## About this exercise
The answer must give back every line of the data exactly, with no pictures.

▼▼▼

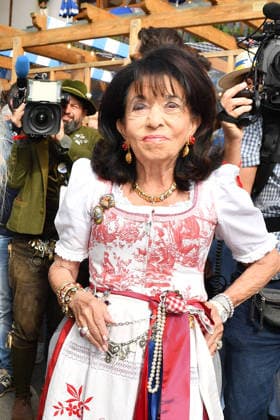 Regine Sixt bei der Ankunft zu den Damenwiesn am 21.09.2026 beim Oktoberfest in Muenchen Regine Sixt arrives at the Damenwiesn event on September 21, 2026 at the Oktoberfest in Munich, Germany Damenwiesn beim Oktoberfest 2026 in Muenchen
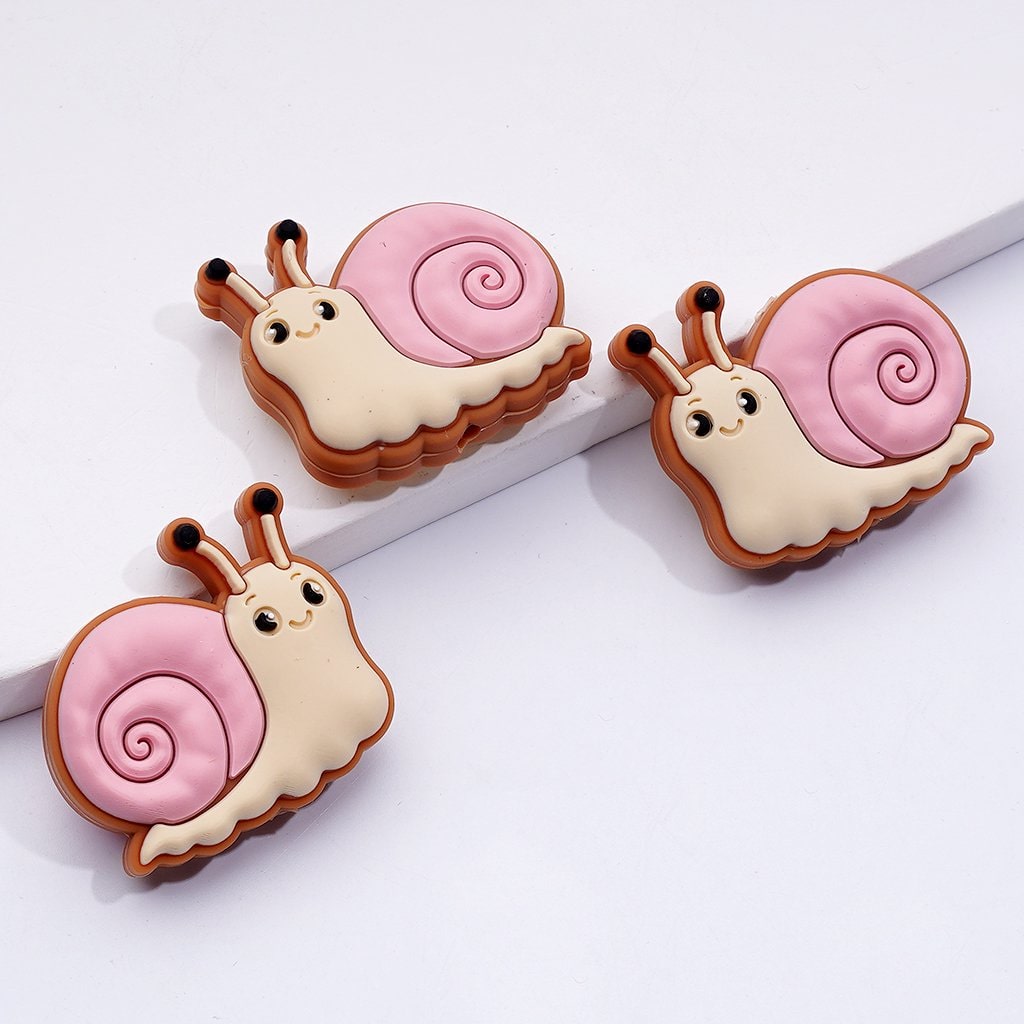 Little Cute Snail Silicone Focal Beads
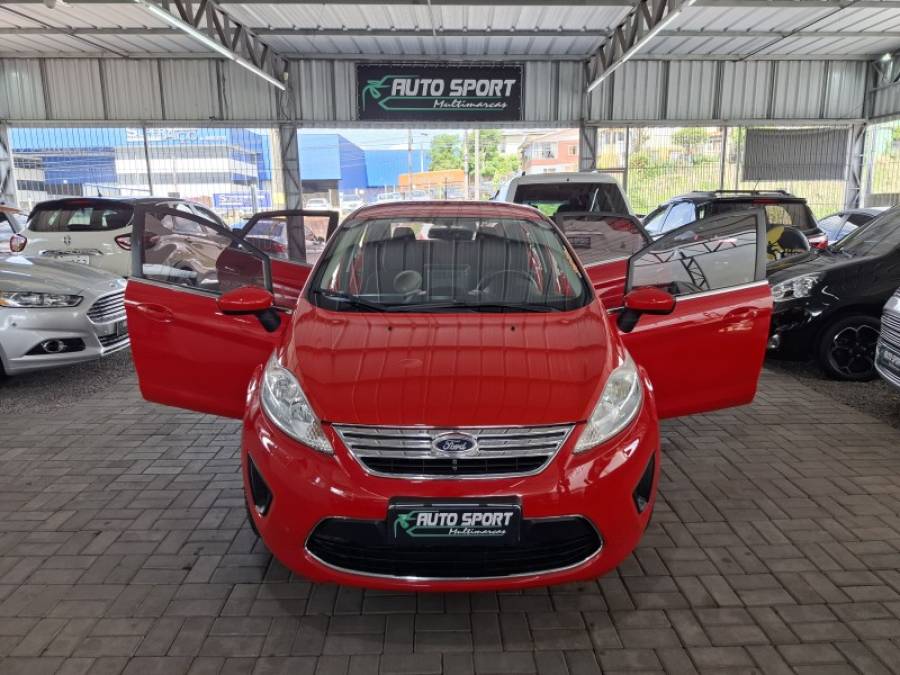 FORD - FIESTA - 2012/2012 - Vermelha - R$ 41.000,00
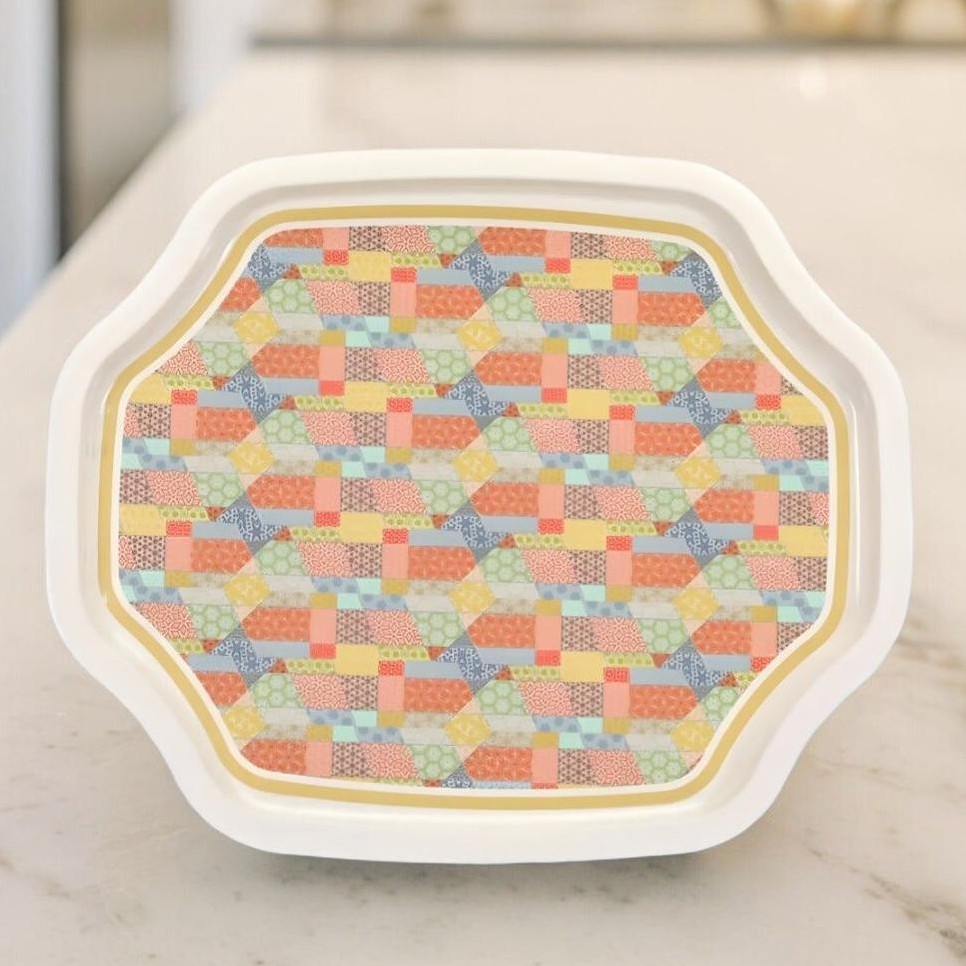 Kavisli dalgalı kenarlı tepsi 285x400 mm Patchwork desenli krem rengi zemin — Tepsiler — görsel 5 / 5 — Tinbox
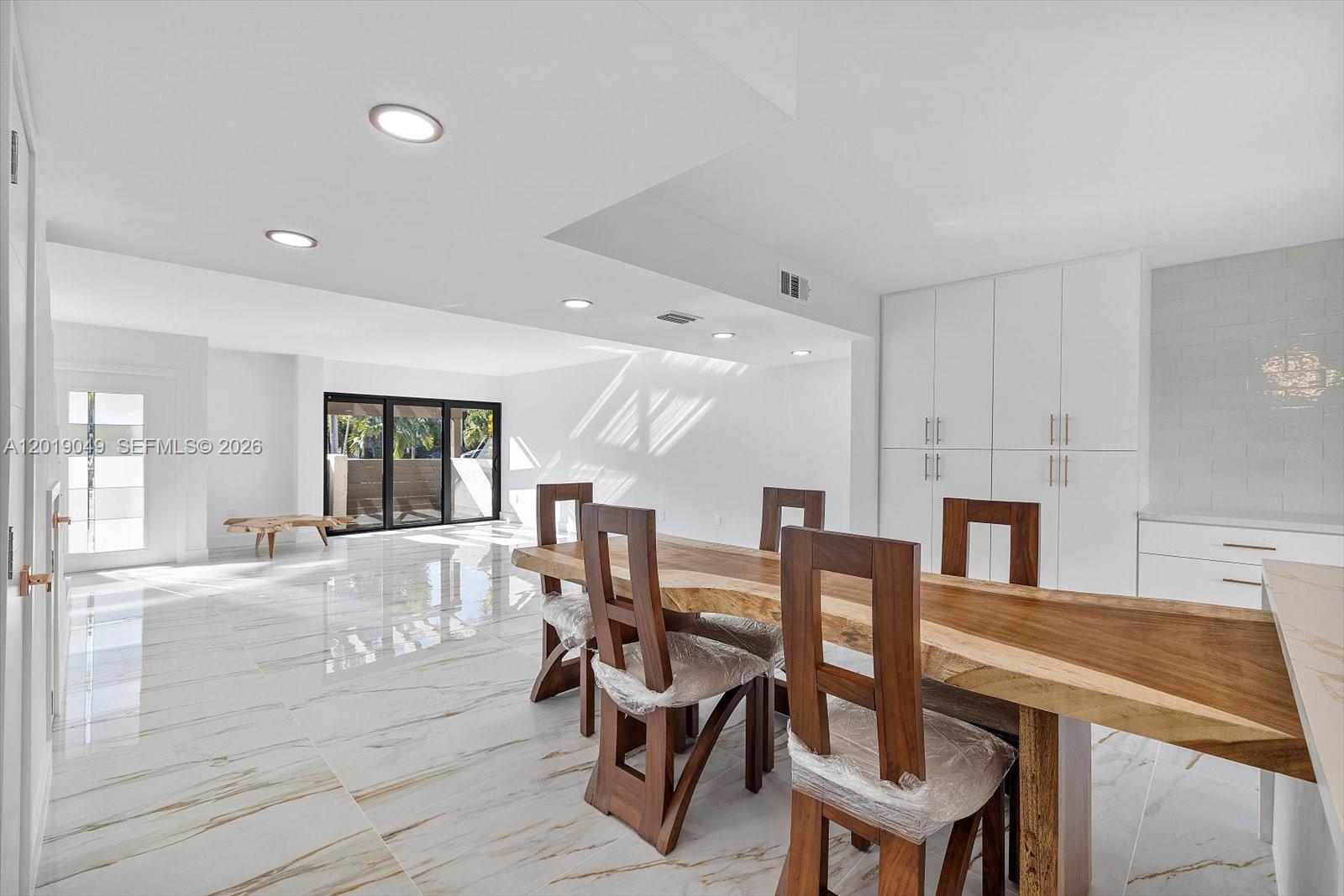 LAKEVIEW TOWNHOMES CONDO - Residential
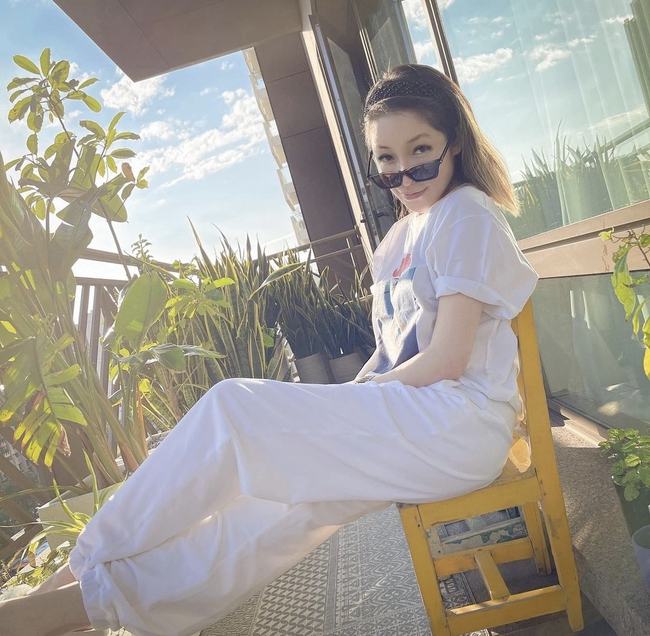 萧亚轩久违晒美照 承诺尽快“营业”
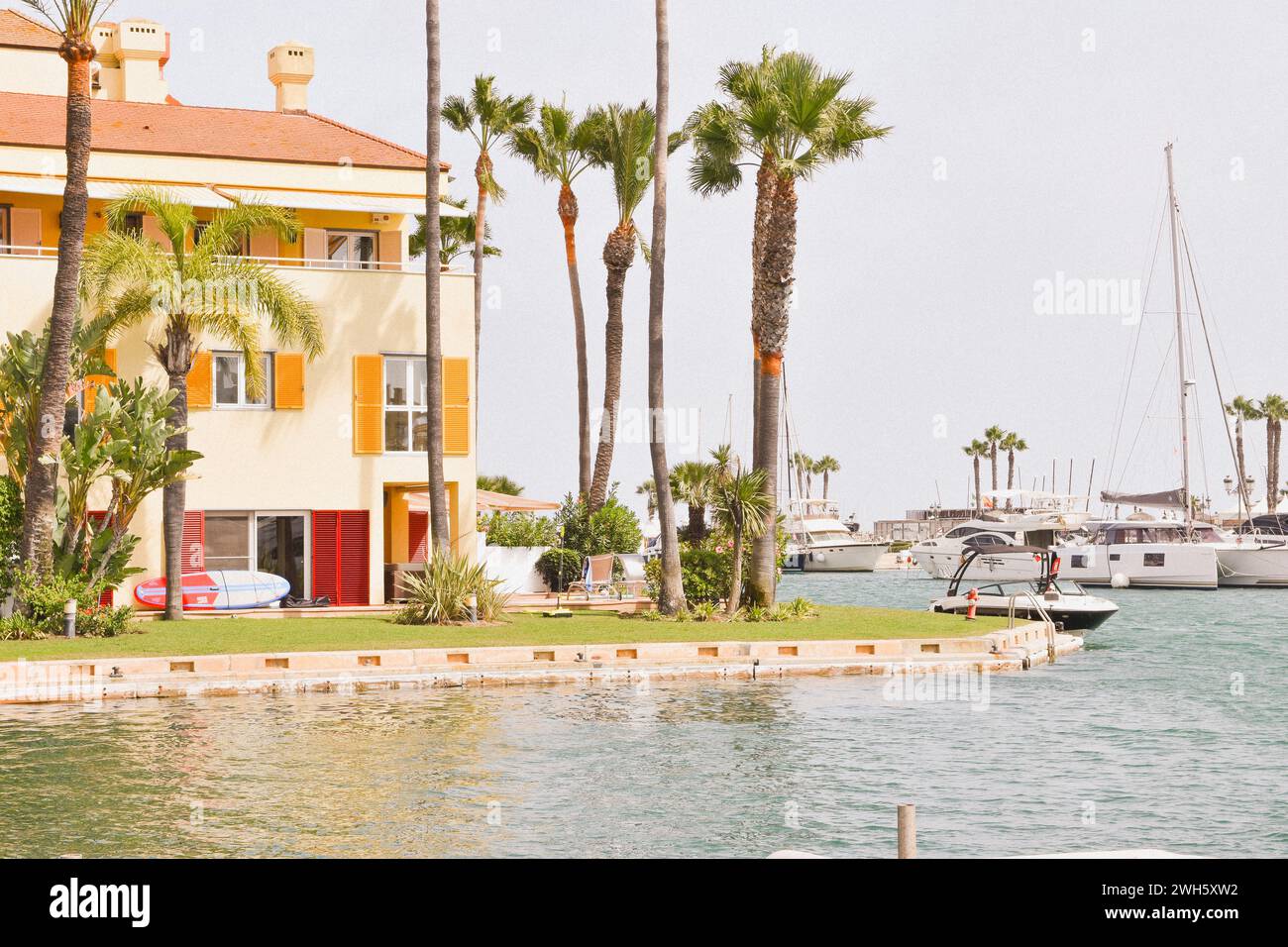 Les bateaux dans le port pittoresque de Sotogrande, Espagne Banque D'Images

▲▲▲

## Exercise result
 Regine Sixt bei der Ankunft zu den Damenwiesn am 21.09.2026 beim Oktoberfest in Muenchen Regine Sixt arrives at the Damenwiesn event on September 21, 2026 at the Oktoberfest in Munich, Germany Damenwiesn beim Oktoberfest 2026 in Muenchen
 Little Cute Snail Silicone Focal Beads
 FORD - FIESTA - 2012/2012 - Vermelha - R$ 41.000,00
 Kavisli dalgalı kenarlı tepsi 285x400 mm Patchwork desenli krem rengi zemin — Tepsiler — görsel 5 / 5 — Tinbox
 LAKEVIEW TOWNHOMES CONDO - Residential
 萧亚轩久违晒美照 承诺尽快“营业”
 Les bateaux dans le port pittoresque de Sotogrande, Espagne Banque D'Images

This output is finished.